RFR: 8316694: Implement relocation of nmethod within CodeCache [v7]

Fri Apr 25 20:56:51 UTC 2025

On Fri, 11 Apr 2025 14:43:00 GMT, Erik Österlund <eosterlund at openjdk.org> wrote:

>> I have only skimmed through what you are doing but what I have read makes me worried from a GC point of view. In general, I am not fond of "special nmethods" that work subtly different to normal nmethods and have their own special life cycles.
>> It might be that some of my concerns are false because this is more of a drive by review to sanity check if you thought about the GC implications. These are just random things on top of my head.
>> 1) You can't just copy oops. Propagating stale pointers to a new nmethod is not valid and will make the GC vomit. The GC assumes that it can traverse a snapshot of nmethods, and that new nmethods created after that snapshot, will have sane valid oops initially, and hence do not need fixing. Copying stale oops to a new nmethod would violate those invariants and inevitably blow up.
>> 2) Class redefinition tracks in an external data structure which nmethods contained metadata that we want to eventually throw away. This is done to avoid walking the entire code cache just to keep tabs on the one nmethod that still uses the old metadata.

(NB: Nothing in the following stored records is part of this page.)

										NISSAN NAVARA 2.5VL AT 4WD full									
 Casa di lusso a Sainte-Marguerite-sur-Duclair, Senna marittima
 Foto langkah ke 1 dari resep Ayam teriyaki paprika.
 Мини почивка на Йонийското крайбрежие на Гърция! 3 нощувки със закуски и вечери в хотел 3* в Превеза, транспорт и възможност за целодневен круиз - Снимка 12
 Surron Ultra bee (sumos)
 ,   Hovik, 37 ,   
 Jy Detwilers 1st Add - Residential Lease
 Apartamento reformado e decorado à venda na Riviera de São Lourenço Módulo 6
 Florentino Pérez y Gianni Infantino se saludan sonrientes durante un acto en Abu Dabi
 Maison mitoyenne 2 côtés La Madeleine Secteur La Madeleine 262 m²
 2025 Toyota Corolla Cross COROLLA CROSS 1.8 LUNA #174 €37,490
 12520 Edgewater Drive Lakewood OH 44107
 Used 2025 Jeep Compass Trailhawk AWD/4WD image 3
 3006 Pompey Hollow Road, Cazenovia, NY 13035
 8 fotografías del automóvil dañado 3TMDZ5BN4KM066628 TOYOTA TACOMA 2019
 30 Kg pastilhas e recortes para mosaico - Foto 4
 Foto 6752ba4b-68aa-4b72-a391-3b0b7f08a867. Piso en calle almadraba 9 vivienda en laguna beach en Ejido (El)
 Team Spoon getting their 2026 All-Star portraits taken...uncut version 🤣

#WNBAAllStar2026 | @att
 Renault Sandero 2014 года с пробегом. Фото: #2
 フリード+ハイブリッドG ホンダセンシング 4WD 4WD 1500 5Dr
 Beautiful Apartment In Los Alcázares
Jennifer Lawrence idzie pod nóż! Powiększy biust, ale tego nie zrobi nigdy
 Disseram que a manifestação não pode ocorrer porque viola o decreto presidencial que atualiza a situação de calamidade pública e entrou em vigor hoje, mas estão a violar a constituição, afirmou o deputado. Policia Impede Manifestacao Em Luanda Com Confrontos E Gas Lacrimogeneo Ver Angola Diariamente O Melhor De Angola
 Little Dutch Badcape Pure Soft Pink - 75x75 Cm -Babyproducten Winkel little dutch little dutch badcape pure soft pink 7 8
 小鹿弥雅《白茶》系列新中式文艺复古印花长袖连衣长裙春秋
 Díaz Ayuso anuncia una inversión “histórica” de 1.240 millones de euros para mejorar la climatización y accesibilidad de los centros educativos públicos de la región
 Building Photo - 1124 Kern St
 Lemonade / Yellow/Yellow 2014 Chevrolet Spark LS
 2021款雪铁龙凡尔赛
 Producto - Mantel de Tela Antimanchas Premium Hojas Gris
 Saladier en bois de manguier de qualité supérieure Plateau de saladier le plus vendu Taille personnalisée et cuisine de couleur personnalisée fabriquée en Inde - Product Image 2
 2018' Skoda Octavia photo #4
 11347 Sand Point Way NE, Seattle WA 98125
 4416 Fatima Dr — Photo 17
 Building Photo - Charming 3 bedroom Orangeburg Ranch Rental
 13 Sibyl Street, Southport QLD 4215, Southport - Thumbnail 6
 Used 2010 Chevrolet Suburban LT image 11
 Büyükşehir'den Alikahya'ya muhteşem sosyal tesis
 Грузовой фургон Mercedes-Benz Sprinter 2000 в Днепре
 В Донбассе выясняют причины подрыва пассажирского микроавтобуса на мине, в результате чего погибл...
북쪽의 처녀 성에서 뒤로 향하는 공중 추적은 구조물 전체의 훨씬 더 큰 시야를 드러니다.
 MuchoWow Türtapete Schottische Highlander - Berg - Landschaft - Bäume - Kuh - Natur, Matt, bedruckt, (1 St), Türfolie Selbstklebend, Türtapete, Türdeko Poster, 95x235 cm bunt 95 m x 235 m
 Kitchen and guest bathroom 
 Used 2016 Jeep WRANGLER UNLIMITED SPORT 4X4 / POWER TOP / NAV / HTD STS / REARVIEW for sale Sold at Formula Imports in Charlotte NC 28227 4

If we clone the nmethod without putting it in said data structure, we will blow up.
>> 3) I'm worried about the initial state of the nmethod entry barrier guard value being copied from the source nmethod, instead of having the initial value we expect for newly created nmethods. It means that the initial invocation will not get the nmethod entry barrier callback. The GC traverses the nmethods assuming that new nmethods created during the traversal will not start off with weird stale values.
>> 4) I'm worried about copying the nmethod epoch counters used by virtual threads to mark which nmethods have been found on-stack. Copying it implies that this nmethod has been found on-stack even though it never has. To me, the implications are unknown, but perhaps you thought about it?
>> 5) You don't check if the nmethod is_unloading() when cloning it. That means you can create a new nmethod that has dead oops from the get go - that cannot be allowed
>> 6) Have you checked what the JVMCI speculation data and JVMCI data contains and if your approach will break that? JVMCI has an nmethod mirror object that refers back to the nmethod - this is unlikely to work out of the box with cloning.
>> 7) By running the operation in a safepoint you a) introduce an obvious latency problem, b) create a new source for stale nmethod pointers that will become stale and burn. The _nm of the safepoint operation might not survive...
>
>> Hi @fisk,
>> 
>> Thank you for the very valuable comment. It has point we have not thought about.
>> 
>> > I am not fond of "special nmethods" that work subtly different to normal nmethods and have their own special life cycles.
>> 
>> It's not clear to me what you mean "special nmethods". IMO we don't introduce any special nmethods. From my point of view, a normal nmethod is an nmethod for a ordinary Java method. Nmethods for non-ordinary Java methods are special, e.g. native nmethods or method handle linkers(JDK-8263377). I think normal nmethods should be relocatable within CodeCache.
> 
> I mean nmethods with a subtly different life cycle where usual invariants/expectations don't hold. Like method handle intrinsics and enter special intrinsics for example. Used to have a different life cycle for OSR nmethods too.
> 
>> > You can't just copy oops.
>> 
>> Yes, this is the main issue at the moment. Can we do this at a safepoint?
> 
> I don't think it solves much. You can't stash away a pointer to the nmethod, roll to a safepoint, and expect the nmethod to not be freed. Even if you did, you still can't copy the oops.
> 
> If we are to do this, I think you want to apply nmethod entry barriers first. That stabilizes the oops.
> 
>> > I'm worried about copying the nmethod epoch counters
>> 
>> We should clear them. If not, it is a bug.
> 
> I'd like to change copying from opt-out to opt-in instead; that would make me feel more comfortable. Then perhaps you can share initialization code that sets up the initial state of the nmethod exactly in the same way as normal nmethods.
> 
> I didn't check but you need to take the Compile_lock and verify dependencies too if you didn't do that, I think, so you don't race with deoptimization.
> 
>> > You don't check if the nmethod is_unloading() when cloning it.
>> 
>> Should such nmethods be not entrant? We don't relocate not entrant nmethods.
> 
> is_not_entrant doesn't imply is_unloading.
> 
>> > What are the consequences of copying the deoptimization generation?
>> 
>> What do you mean?
> 
> I mean is it safe to racingly copy the deoptmization generation when there is concurrent deoptimization? This is why I'd prefer copying to be opt-in rather than opt-out so we don't have to stare at every single field and wonder what will happen when a new nmethod "inherits" state from a different nmethod in interesting races. I want it to work as much as possible as normal nmethod installation, starting with a state as close as possible to when the original nmethod was created, as opp...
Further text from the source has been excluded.